ASSIGNED TASK:
Nothing beyond the line containing "Tambour arriere gauche" is to be printed; print exactly each line from the start of the records below through that line, leaving out pictures.

(Captioned web image data)
- Opening Delimiter -
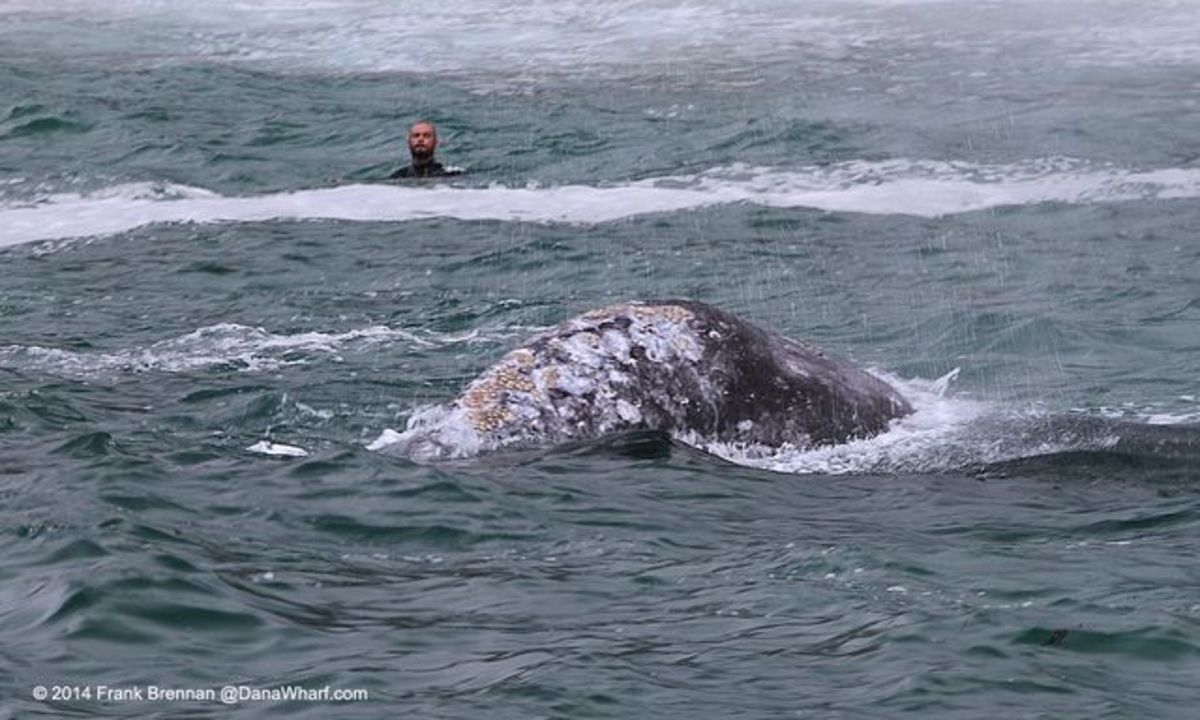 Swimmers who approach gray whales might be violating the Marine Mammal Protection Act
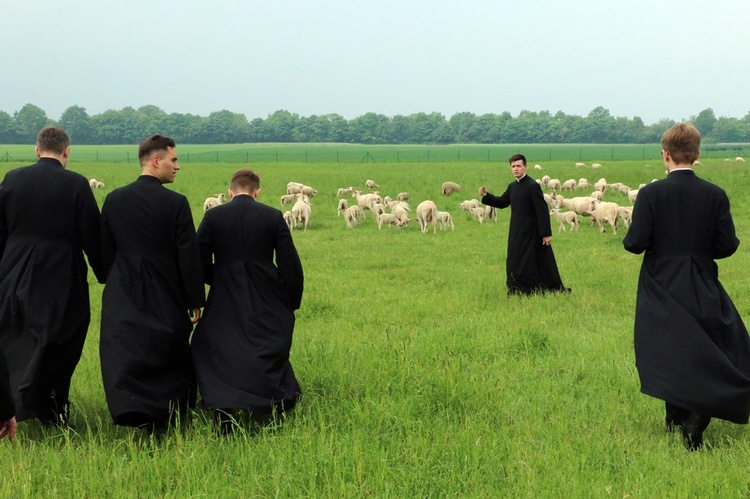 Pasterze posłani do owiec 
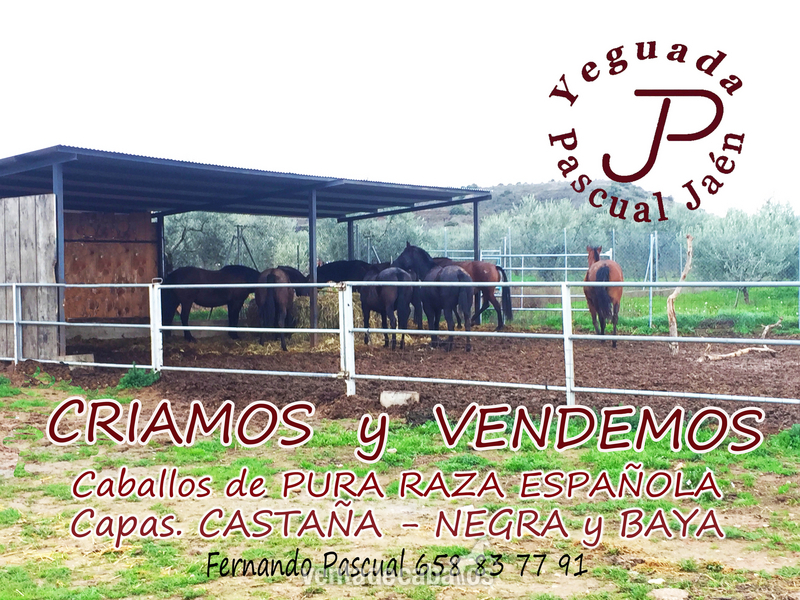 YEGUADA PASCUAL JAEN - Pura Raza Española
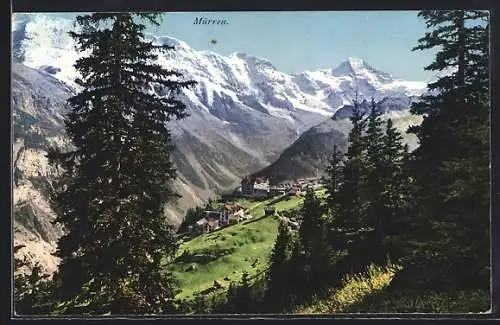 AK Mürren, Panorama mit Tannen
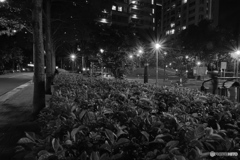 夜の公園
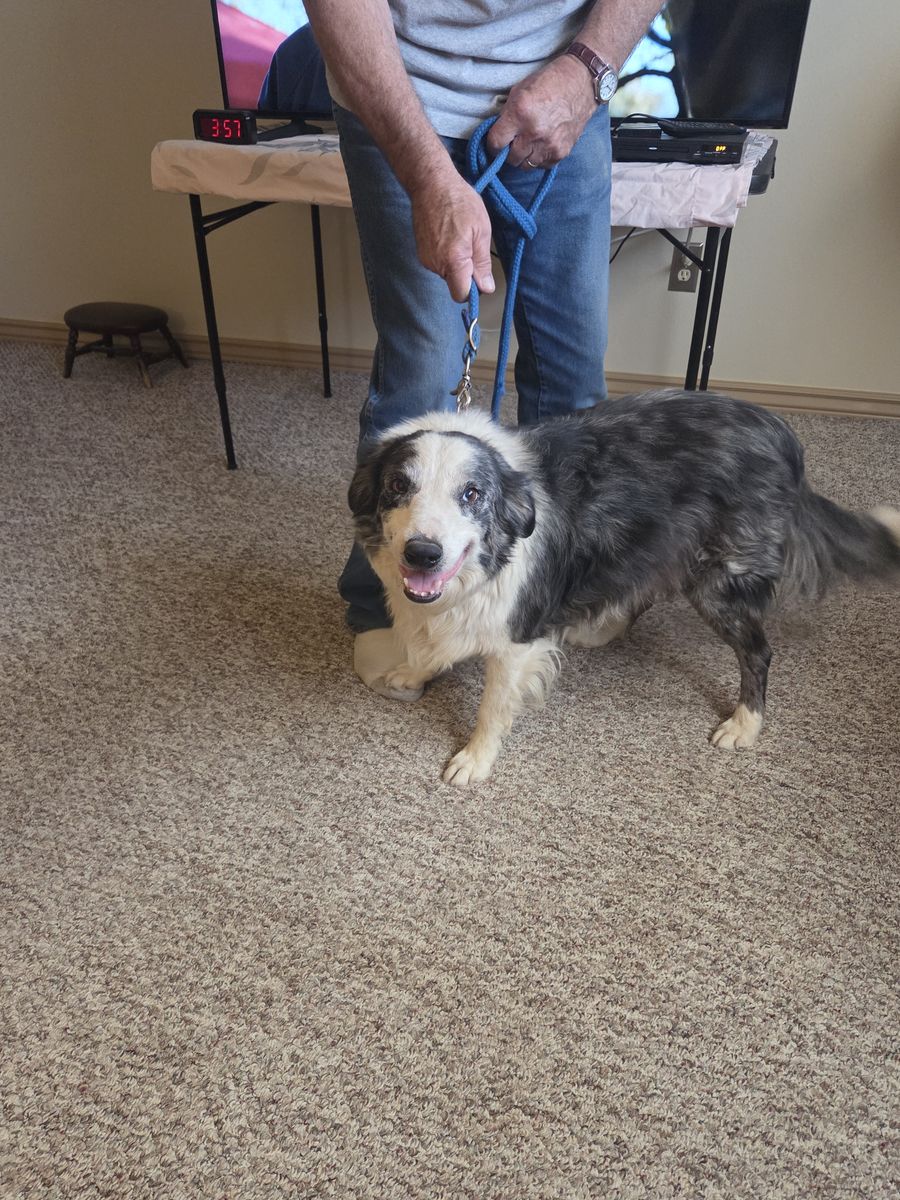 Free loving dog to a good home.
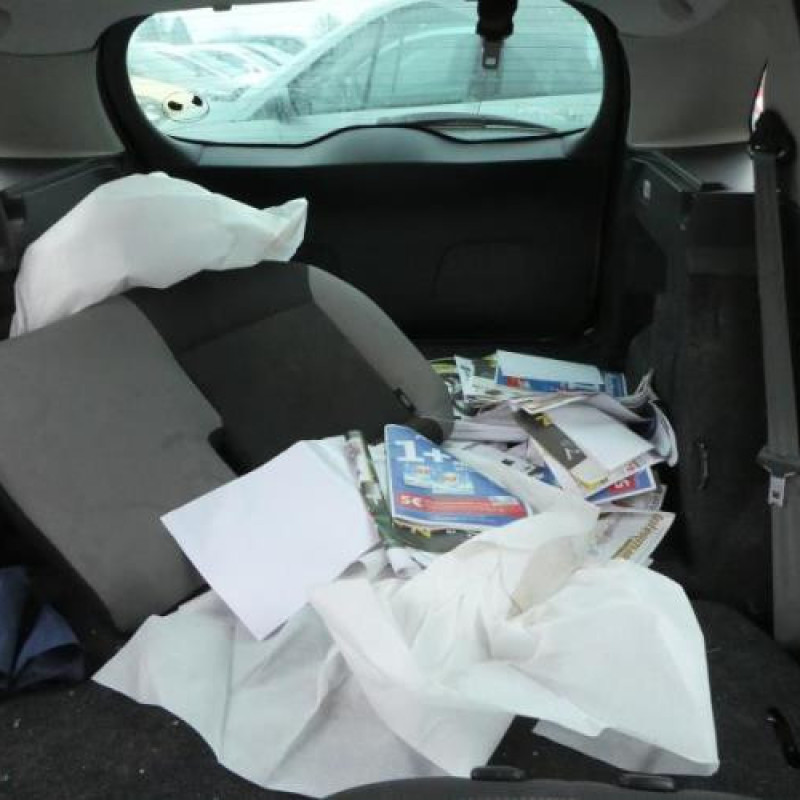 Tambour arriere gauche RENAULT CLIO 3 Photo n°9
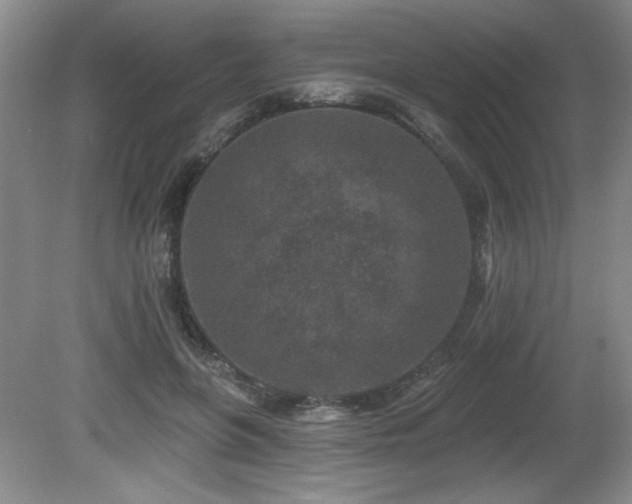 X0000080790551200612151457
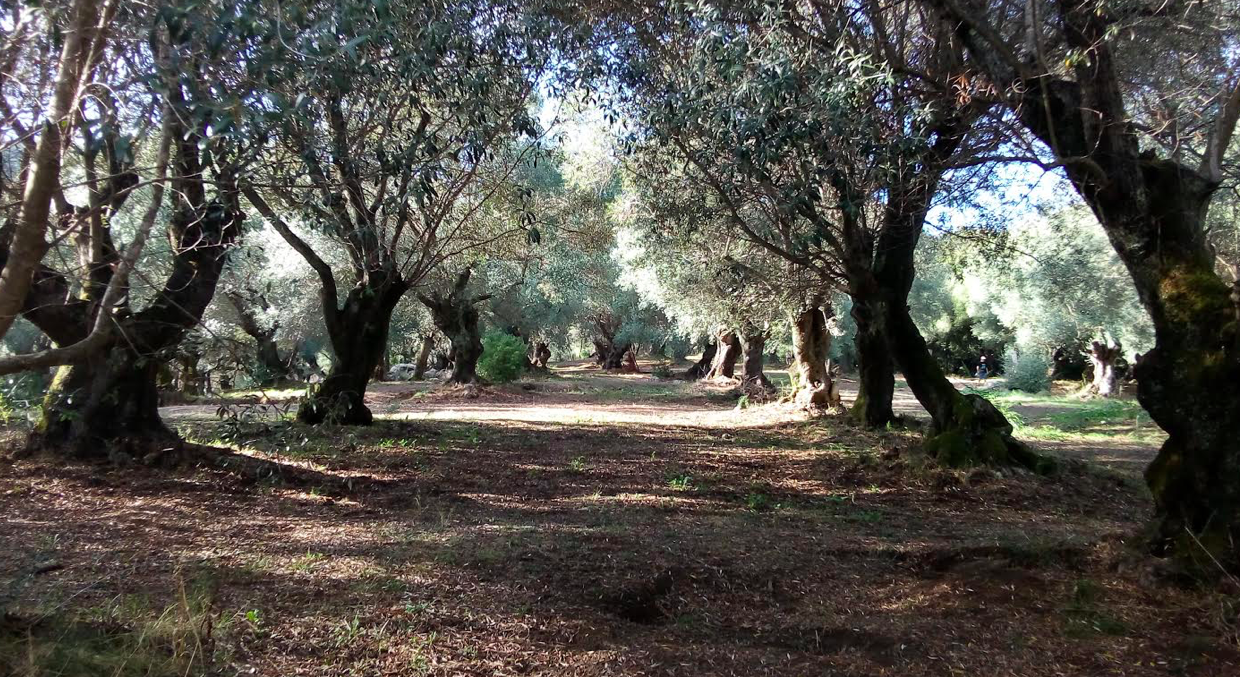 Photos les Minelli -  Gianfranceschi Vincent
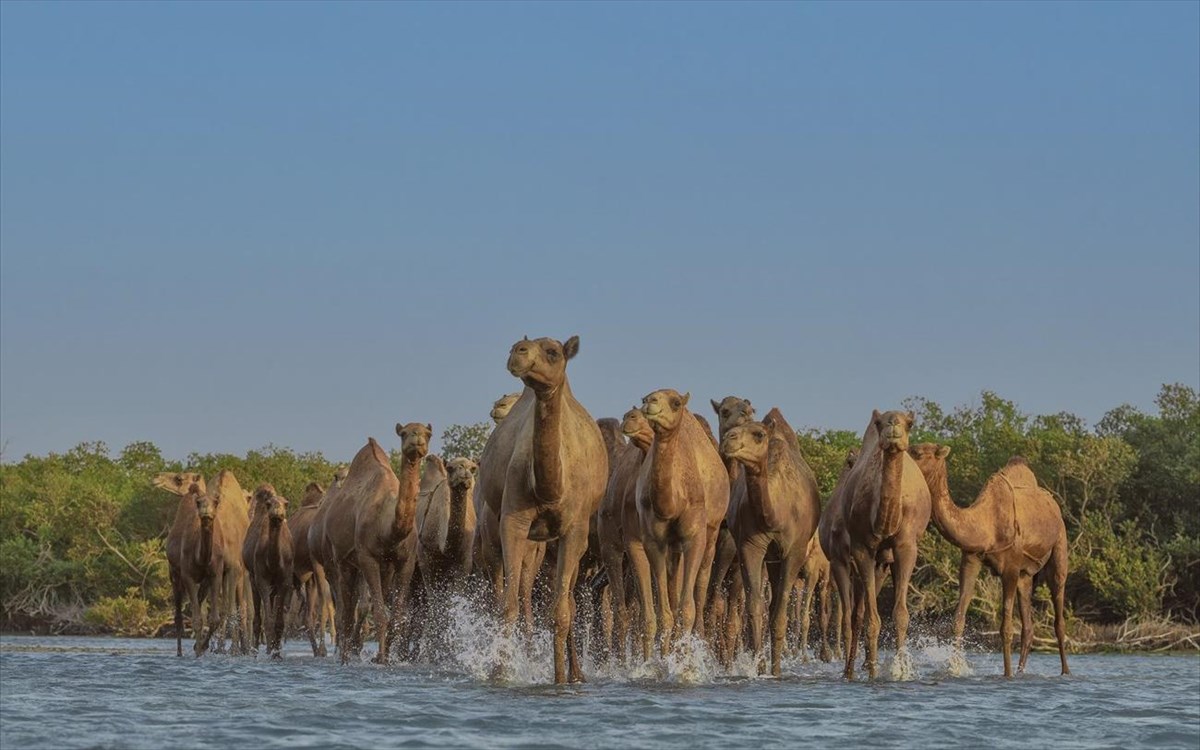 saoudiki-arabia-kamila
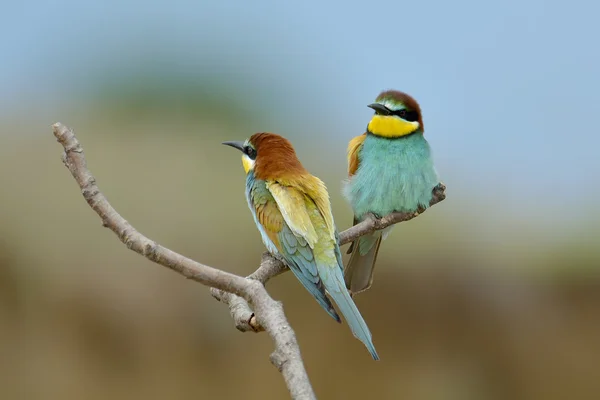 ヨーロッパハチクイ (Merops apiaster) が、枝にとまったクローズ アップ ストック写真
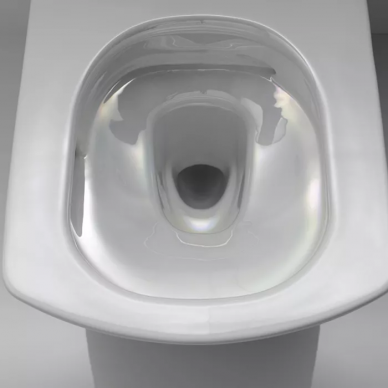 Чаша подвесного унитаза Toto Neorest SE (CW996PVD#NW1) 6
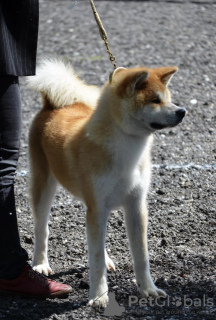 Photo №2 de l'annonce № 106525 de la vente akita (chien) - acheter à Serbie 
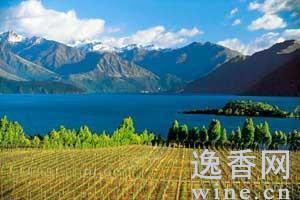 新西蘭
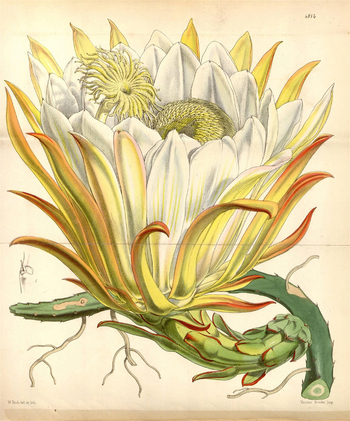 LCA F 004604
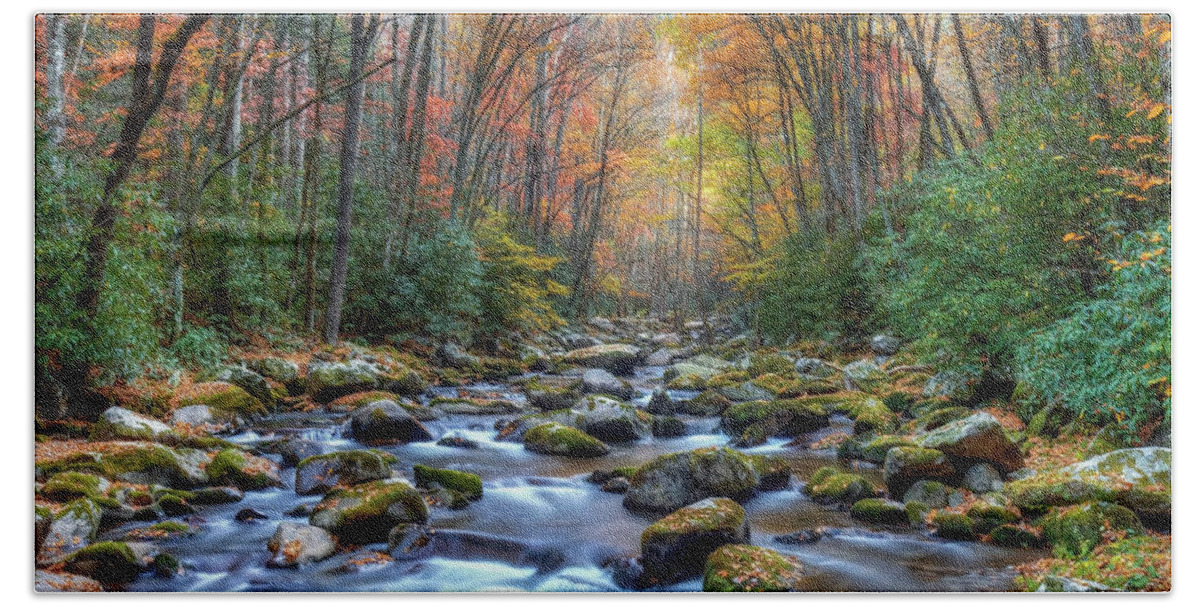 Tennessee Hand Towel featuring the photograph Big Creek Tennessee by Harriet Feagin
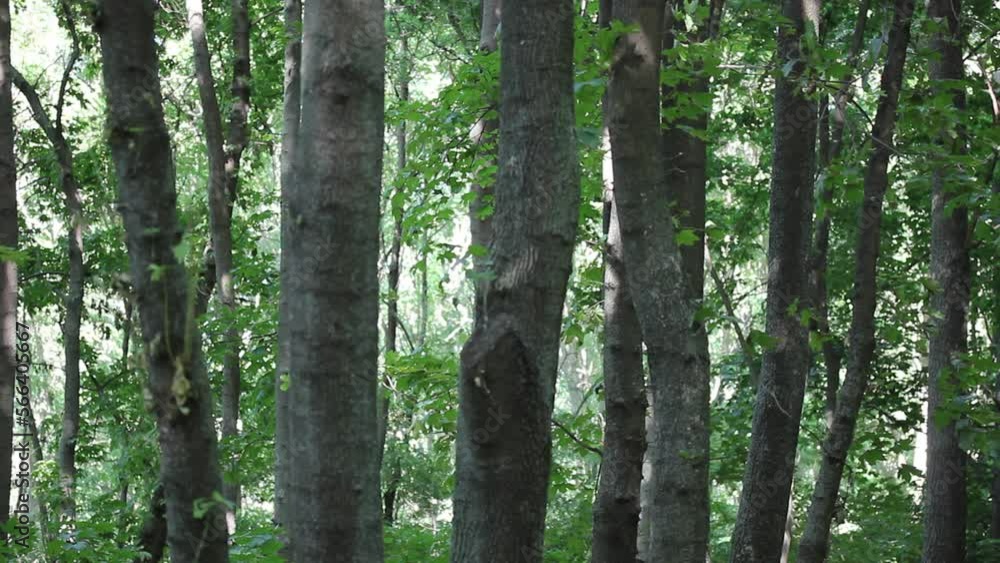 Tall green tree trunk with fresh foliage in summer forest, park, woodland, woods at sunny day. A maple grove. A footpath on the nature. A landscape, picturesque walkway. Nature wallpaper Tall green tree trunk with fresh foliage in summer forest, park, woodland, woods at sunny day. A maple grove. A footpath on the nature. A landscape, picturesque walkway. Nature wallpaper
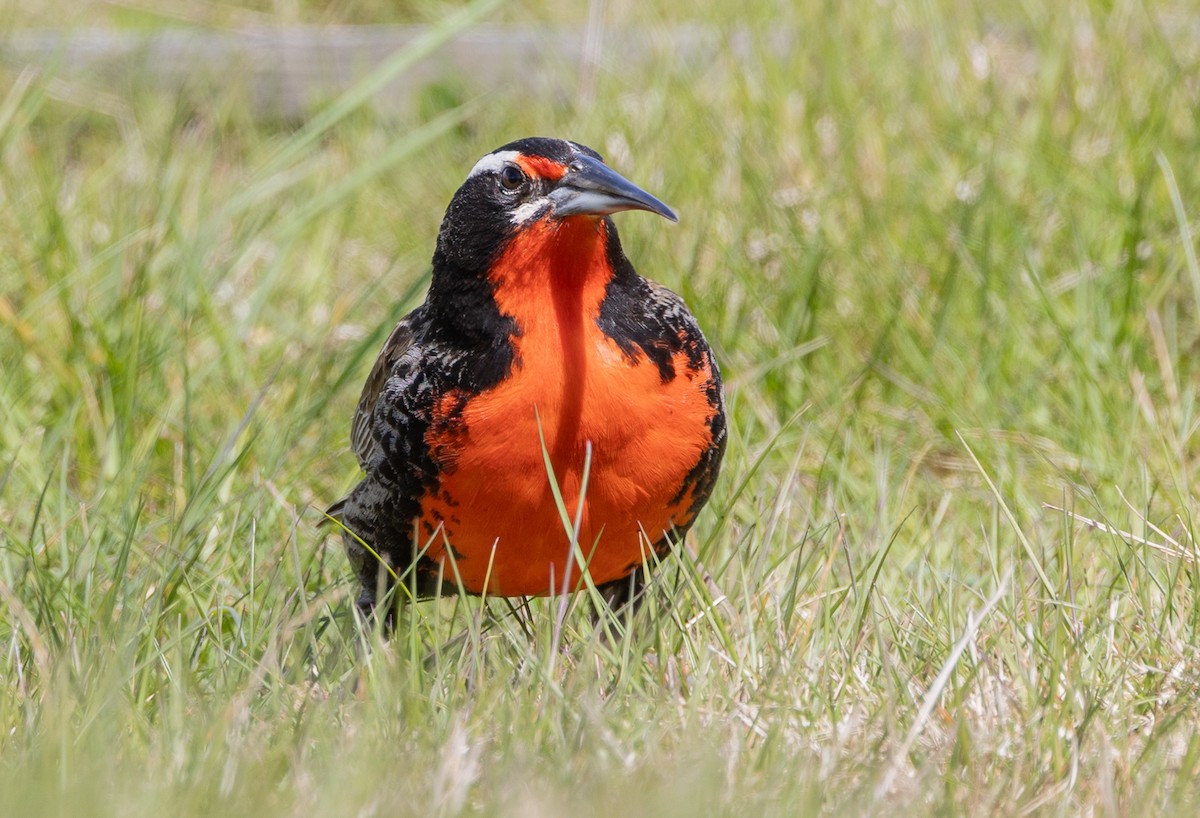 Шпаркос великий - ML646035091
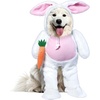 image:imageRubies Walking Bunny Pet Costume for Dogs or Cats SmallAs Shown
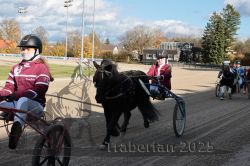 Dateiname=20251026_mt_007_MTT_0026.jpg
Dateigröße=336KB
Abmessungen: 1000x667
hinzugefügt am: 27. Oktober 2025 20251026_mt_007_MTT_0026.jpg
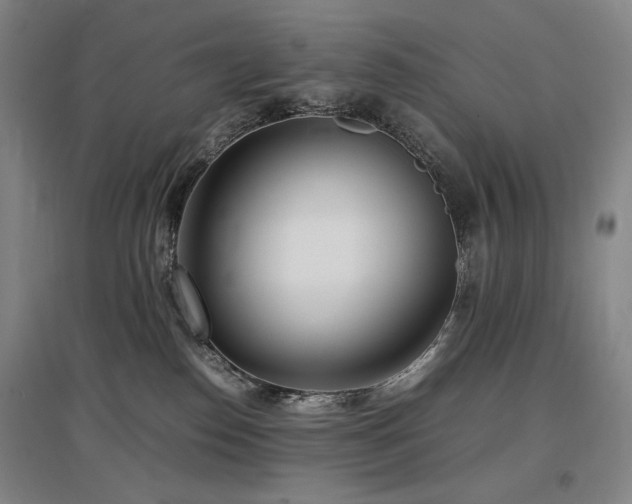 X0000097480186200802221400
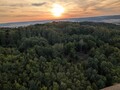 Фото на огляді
- Closing Delimiter -
RESULT OF THE TASK:
 Swimmers who approach gray whales might be violating the Marine Mammal Protection Act
 Pasterze posłani do owiec 
 YEGUADA PASCUAL JAEN - Pura Raza Española
 AK Mürren, Panorama mit Tannen
 夜の公園
 Free loving dog to a good home.
 Tambour arriere gauche RENAULT CLIO 3 Photo n°9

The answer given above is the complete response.